Rahul Rahul - 1 month ago 7x
R Question

Pass a string argument to a function as dataframe column name in dplyr

I am trying to pass a string variable to a function, to be used as the column name after some data alteration.

Here is the function:

cleandata <- function(df,name){
df <- df %>%
gather(key = 'Year',value = name,X1960:X2015)
df <- df %>%
df$Year <- substr(df$Year,start = 2,stop = 5)
df$Year <- as.factor(df$Year)

I want to pass a string variable to 'name', and have it as the column name.
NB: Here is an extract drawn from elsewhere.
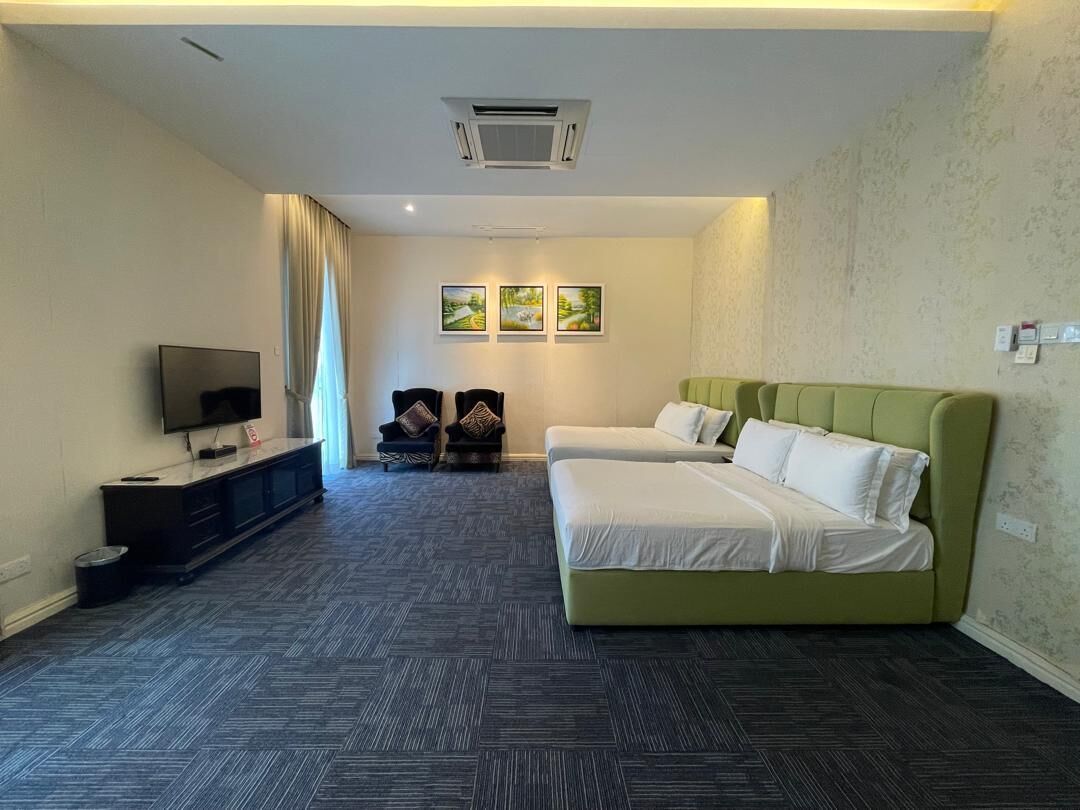 Family Room, 2 Queen Beds, Balcony, Garden View | Desk, blackout drapes, iron/ironing board, free WiFi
The current output of the function is:

> cleandata(lifeexp,'LifeExp')
Source: local data frame [13,888 x 4]

Country.Name Country.Code Year name
(fctr) (fctr) (fctr) (dbl)
1 Aruba ABW 1960 65.56937
2 Andorra AND 1960 NA
3 Afghanistan AFG 1960 32.32851
4 Angola AGO 1960 32.98483
5 Albania ALB 1960 62.25437
6 Arab World ARB 1960 46.84706
7 United Arab Emirates ARE 1960 52.24322
8 Argentina ARG 1960 65.21554
9 Armenia ARM 1960 65.86346
10 American Samoa ASM 1960 NA
.. ... ... ... ...

The last column should be 'LifeExp', not name. What am I missing?

Thanks in advance,



You want to use gather_ here. See vignette('nse') for an explanation why.

year_cols <- names(df)[grepl('^X\\d{4}$', names(df))]
df %>% gather_('Year', name, year_cols)

The issue is gather takes an unquoted name for its key and value columns, so you can't pass in a variable name. It's just going to interpret what ever variable name you put in there as the the unquoted name you want for the value column. This is consistent with the principle that the tidyr functions without underscores are meant for interactive use and those with underscores should be used when your effort is more programmatic.